Image-caption web data:
=-=-=

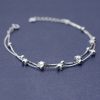 S925 Sterling Silver Bracelet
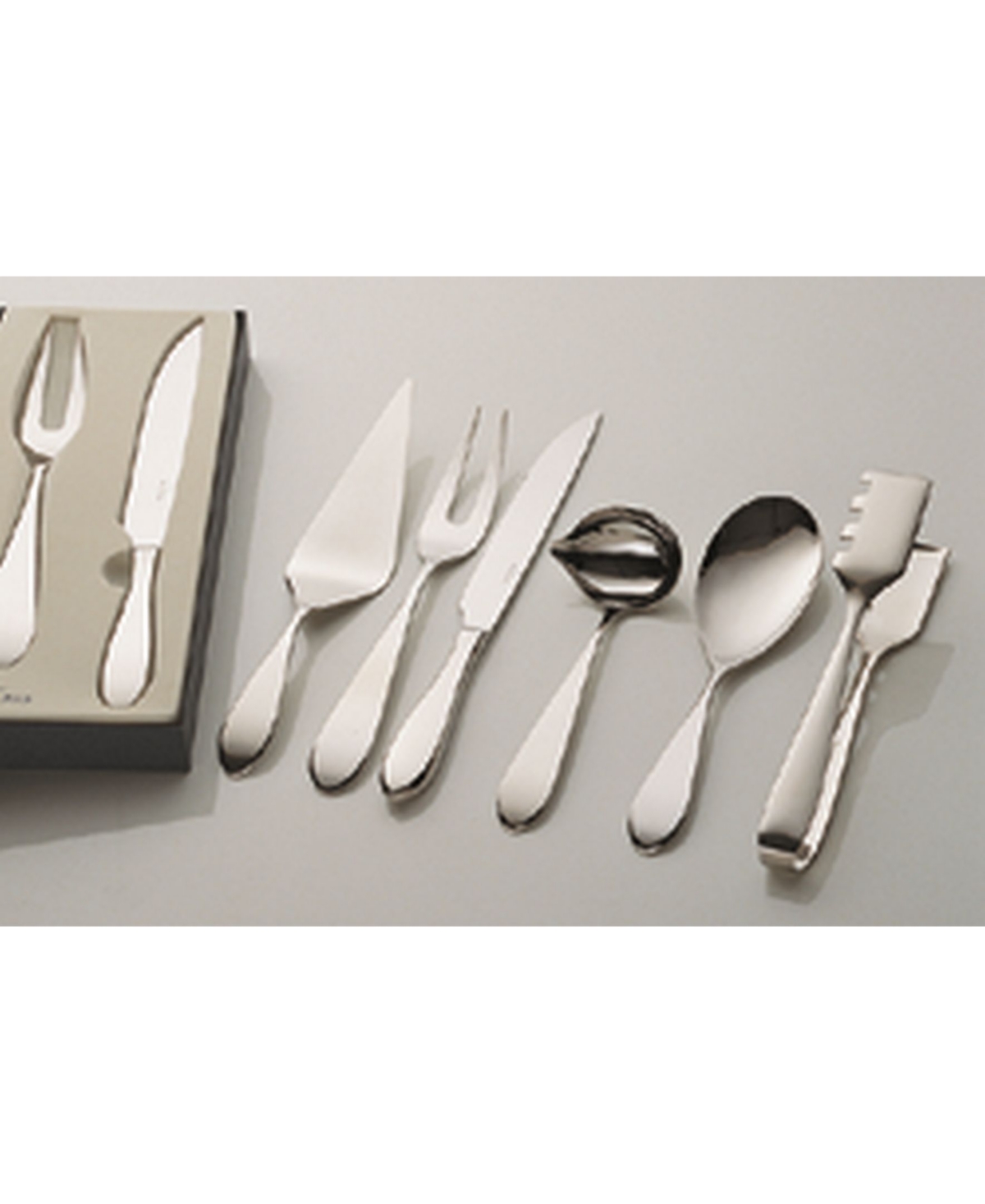 Villeroy & Boch Sereno Xxl Spoon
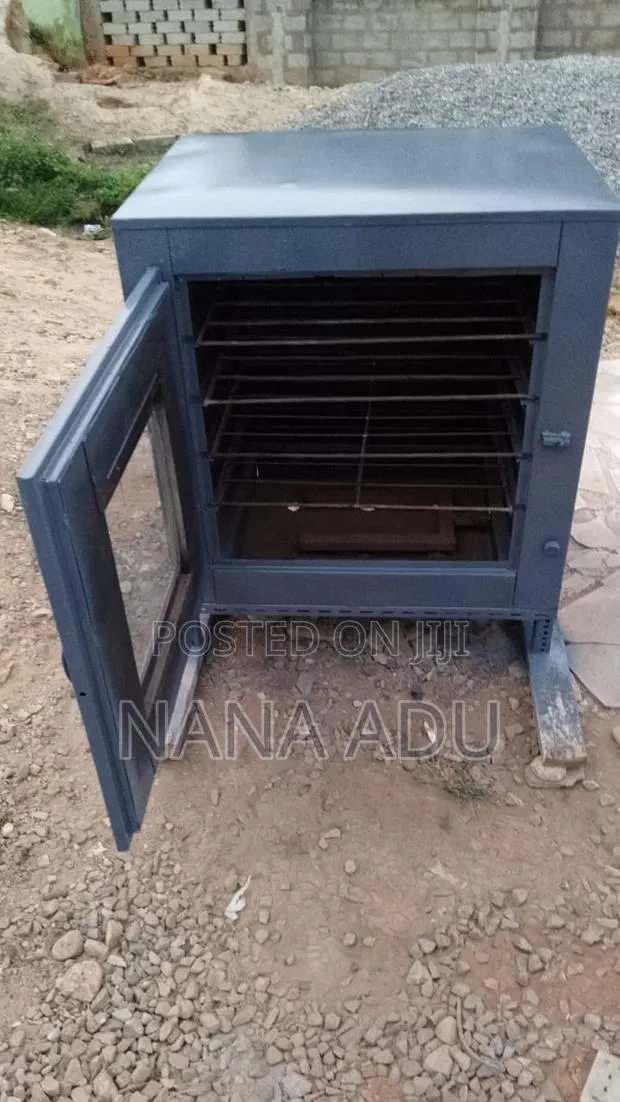 Industrial Mini Oven · Photo 4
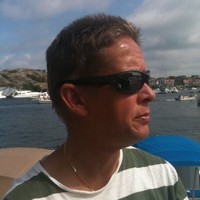 Bernt Swebilius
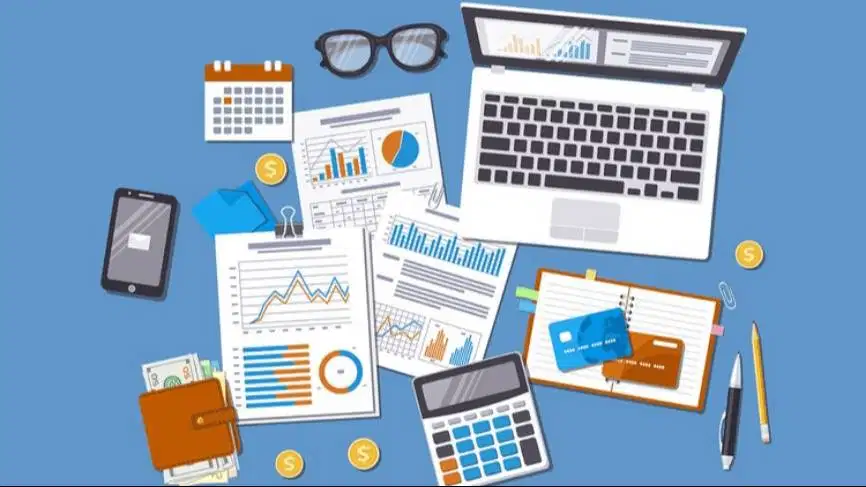 JASA ENTRY DATA | PENGETIKAN | BUDGETING | LAPORAN KEUANGAN |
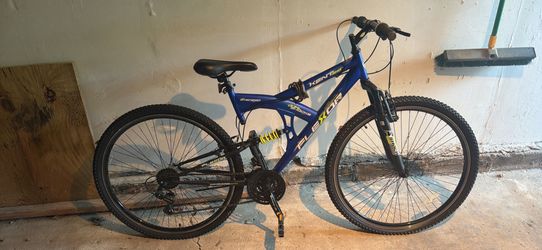 Kent mountain bike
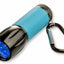 Carson UV Sight Pro UV Flashlight
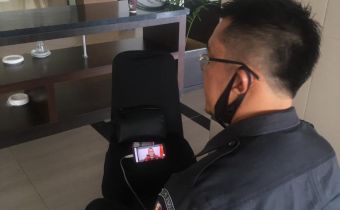 Pasca Tahapan Pendaftaran Berakhir, Fritz Berikan Arahan Terkait Langkah-Langkah yang Akan Dilakukan Bawaslu
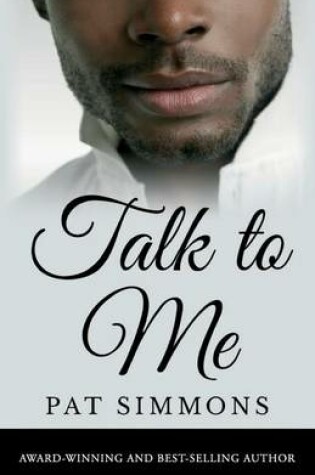 Cover of Talk to Me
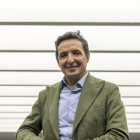 Entrevista a Juan Manuel Corchado, catedrático de Inteligencia artificial y próximo rector de la USAL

=-=-=

**Problem requirements:**
Starting at the line that contains "Villeroy & Boch Sereno Xxl Spoon", reproduce each line exactly through the end of the entries above, leaving every picture out.

**Solution to this task:**
 Villeroy & Boch Sereno Xxl Spoon
 Industrial Mini Oven · Photo 4
 Bernt Swebilius
 JASA ENTRY DATA | PENGETIKAN | BUDGETING | LAPORAN KEUANGAN |
 Kent mountain bike
 Carson UV Sight Pro UV Flashlight
 Pasca Tahapan Pendaftaran Berakhir, Fritz Berikan Arahan Terkait Langkah-Langkah yang Akan Dilakukan Bawaslu
 Cover of Talk to Me
 Entrevista a Juan Manuel Corchado, catedrático de Inteligencia artificial y próximo rector de la USAL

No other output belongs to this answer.